In situ structuring of virioplankton through bacterial exoenzymatic activity: interaction with phytoplankton

Type Article
Date 2011-09
Language English
Author(s) Ory Pascaline1, Palesse S.1, Delmas Daniel2, Montanie Helene1
Affiliation(s) 1 : Univ La Rochelle, UMR CNRS ULR 6250, F-17042 La Rochelle, France.
2 : IFREMER, Lab Dyneco, F-29280 Plouzane, France.
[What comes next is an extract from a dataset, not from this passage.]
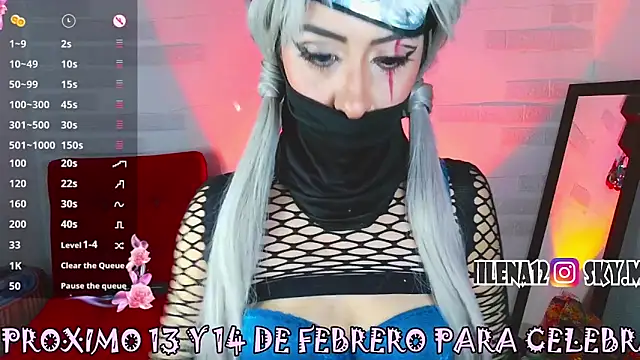 sky girl1 online show from 02-08-25, 10:39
Source Aquatic Microbial Ecology (0948-3055) (Inter-research), 2011-09 , Vol. 64 , N. 3 , P. 233-252
DOI 10.3354/ame01524
WOS© Times Cited 10
Keyword(s) Virus, Bacteria, Phytoplankton, Diversity, Aminopeptidase
Abstract The abundance and composition of microbial communities were investigated during 2007 in Marennes Oleron Bay (France) in order to characterize the biological relationships governing the planktonic food web. Compared to the results of previous years, there was a lower abundance and a lower magnitude of variations in autotrophic and heterotrophic microbial entities in 2007. Using a Spearman rank correlation analysis, a significant link for biological abundance was only noted between bacteria and ciliates. However, an interesting relationship was highlighted between chlorophyll a and bacterial aminopeptidase and beta-glucosidase exoenzymatic activities. Two characteristic periods of virus-bacteria uncoupling were observed in spring and autumn 2007. Using multivariate analysis, the clustering of monthly viral community structures (defined by RAPD-fingerprinting) was related to bacterial proteolysis activity and secondarily to flagellates. Spring and autumn were characterized by phytoplanktonic blooms of large (>10 mu m) and small cells (<10 mu m), respectively, during the virus-bacteria uncoupling phases. High predation by flagellates in the autumn, during a period of microbial food web activity, involved the highest viral fingerprint richness, inferring a top-clown control in driving the number of virus-host systems. We discuss the proteolysis level as a descriptor in structuring viral assemblages and argue that changes in the quantity and quality of DOM may bridge phytoplankton to bacteria and reflect changes in phytoplankton composition.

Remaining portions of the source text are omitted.